Start of DATA TO PROCESS
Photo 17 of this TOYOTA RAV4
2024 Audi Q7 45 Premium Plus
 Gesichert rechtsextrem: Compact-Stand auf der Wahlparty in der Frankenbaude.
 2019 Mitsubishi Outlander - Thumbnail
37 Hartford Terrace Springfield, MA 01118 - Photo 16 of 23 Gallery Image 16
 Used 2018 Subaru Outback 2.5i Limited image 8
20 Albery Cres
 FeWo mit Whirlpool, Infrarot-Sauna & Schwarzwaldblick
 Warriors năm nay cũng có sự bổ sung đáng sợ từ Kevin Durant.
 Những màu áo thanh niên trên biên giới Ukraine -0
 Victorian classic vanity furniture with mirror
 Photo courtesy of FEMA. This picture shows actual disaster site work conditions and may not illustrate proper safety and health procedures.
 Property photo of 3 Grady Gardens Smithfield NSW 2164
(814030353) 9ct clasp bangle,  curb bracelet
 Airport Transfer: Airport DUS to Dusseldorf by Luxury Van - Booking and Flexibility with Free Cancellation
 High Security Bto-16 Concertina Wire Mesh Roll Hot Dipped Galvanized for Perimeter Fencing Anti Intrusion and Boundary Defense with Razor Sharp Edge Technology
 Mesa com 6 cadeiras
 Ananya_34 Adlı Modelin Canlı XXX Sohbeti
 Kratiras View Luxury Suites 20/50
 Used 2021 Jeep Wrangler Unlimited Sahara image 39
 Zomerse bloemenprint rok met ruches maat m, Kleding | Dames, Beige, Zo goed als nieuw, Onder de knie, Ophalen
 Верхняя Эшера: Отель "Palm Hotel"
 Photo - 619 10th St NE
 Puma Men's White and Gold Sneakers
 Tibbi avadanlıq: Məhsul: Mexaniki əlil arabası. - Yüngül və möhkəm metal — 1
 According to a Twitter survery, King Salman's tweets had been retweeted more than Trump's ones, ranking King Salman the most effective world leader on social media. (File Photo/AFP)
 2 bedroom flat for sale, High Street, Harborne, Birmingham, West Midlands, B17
End of DATA TO PROCESS
WHAT NEEDS TO BE DONE: Given the records above, restate word for word only the lines starting at the one with "Airport Transfer: Airport" and ending at the one with "Kratiras View Luxury Suites 20/50".

COMPLETED EXERCISE:
 Airport Transfer: Airport DUS to Dusseldorf by Luxury Van - Booking and Flexibility with Free Cancellation
 High Security Bto-16 Concertina Wire Mesh Roll Hot Dipped Galvanized for Perimeter Fencing Anti Intrusion and Boundary Defense with Razor Sharp Edge Technology
 Mesa com 6 cadeiras
 Ananya_34 Adlı Modelin Canlı XXX Sohbeti
 Kratiras View Luxury Suites 20/50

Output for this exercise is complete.